Unit Pricing for Production Trim Carpentry
Pros discuss the ballpark price of trimming production homes, and throw a tip or two for making time on the job. November 19, 2005
I'm a self-employed finish carpenter in Hawaii. I am pricing a job consisting of a 104 unit tract of townhomes, with four basic floor plans. I would be doing two units a week, for one year. The casing is 2-1/4 colonial, with no wrap on the windows, only sills. There would be no radiused drywall corners, no crown on the uppers, and postformed tops. The homes have 3 bedrooms, 2 baths, and average kitchen. Would $1.20/sf. be a fair price to charge? Does anyone have any other advice?
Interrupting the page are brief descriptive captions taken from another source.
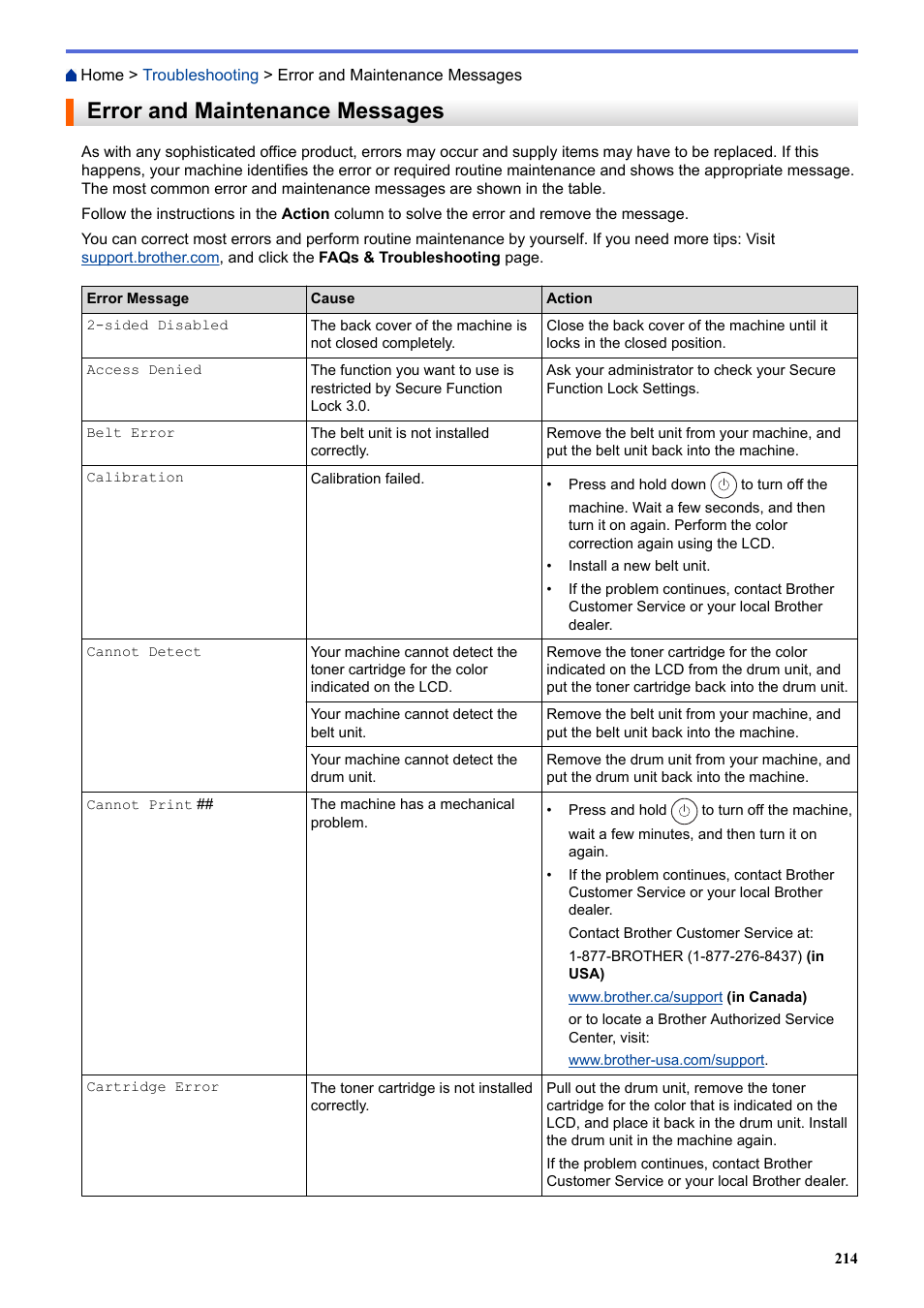 Error and maintenance messages | Brother HLL9410CDN Enterprise Color Laser Printer User Manual | Page 219 / 334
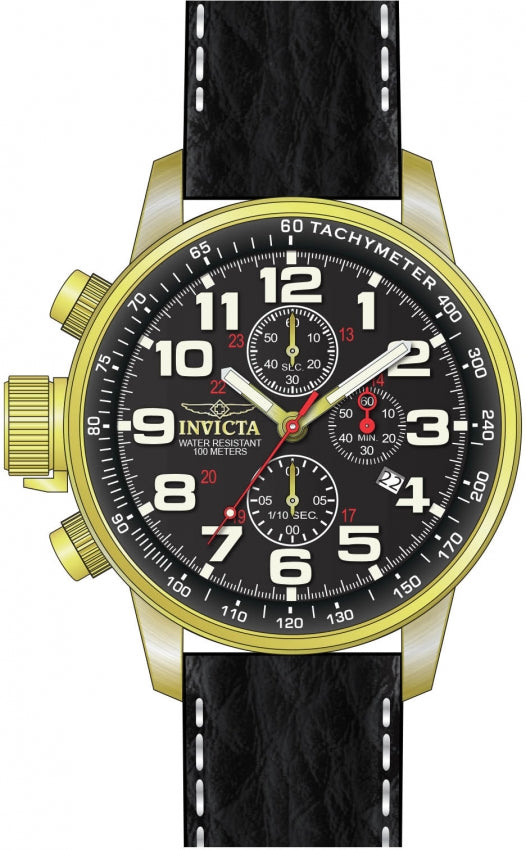 Reloj Invicta Force Zager Hombre Cuero Negro - Vista lateral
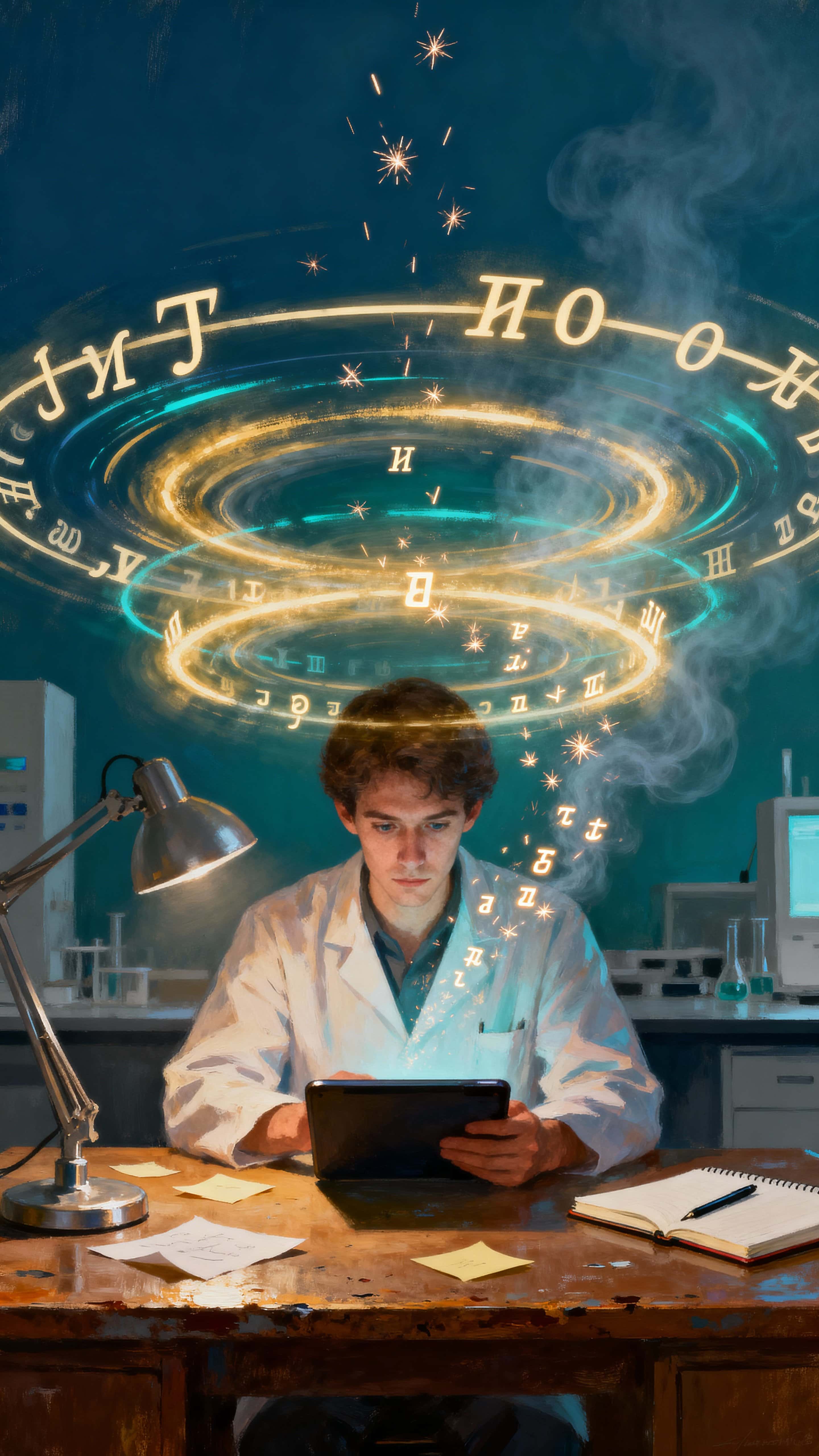 A focused scientist sits at a desk as swirling rings of glowing symbols rotate around their head like a small galaxy of information, while drifting letters peel off a nearby screen like sparks.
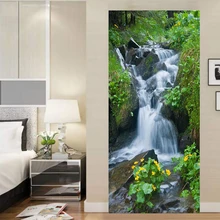 3D Beautiful Landscape Door Sticker for Living Room Bedroom DIY PVC Self Adhesive Wallpaper Waterproof Mural Decals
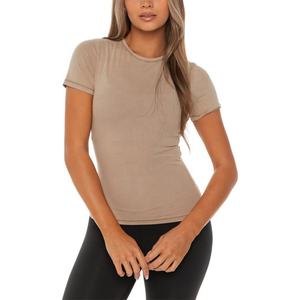T-shirt personnalisé en gros pour femmes, t-shirt en coton uni, vêtements décontractés pour femmes, t-shirts pour femmes, t-shirt ajusté délavé à l'acide pour femmes - Product Image 5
(Cabinet and Millwork Installation Forum)
From contributor A:
From the information you given I'd say go for it. I get approximately the same here in NY. The bonus for you is that windows are only stool and apron. With two units a week, you’d better hire a helper or two. Check into some production tips also to speed things along. If you have to cut all of the casing, make a tick mark on the wall, at 83" for example, and stand all the legs up against a wall. Then mark all your rights and lefts. For all the head pieces, make up a board with all of the different door sizes on it, for example 2/4, 2/6 etc. This may speed things up a bit for you. Another suggestion would be to attach casing to one side of door before you install it. Then install door, shim from backside, then trim.
From contributor B:
Considering baseboards, doors, window stools, kitchen cabinets, kitchen counter tops, 2 bathroom vanities, that charge sounds low for Nashville, TN much less for Hawaii or NY
From contributor C:
I agree with contributor B. Hire two helpers and add $1.00 p/f. By the time you guys do 3-4 houses you’ll be flying and possibly finish ahead of schedule which obviously means more profit for you. But definitely price it up! An oak tread costs me $6.00 to make and I can get $60.00 for it in MA.
From contributor D:
I agree with contributor A. That’s how I do it and I average right at 13.5 min. per interior door.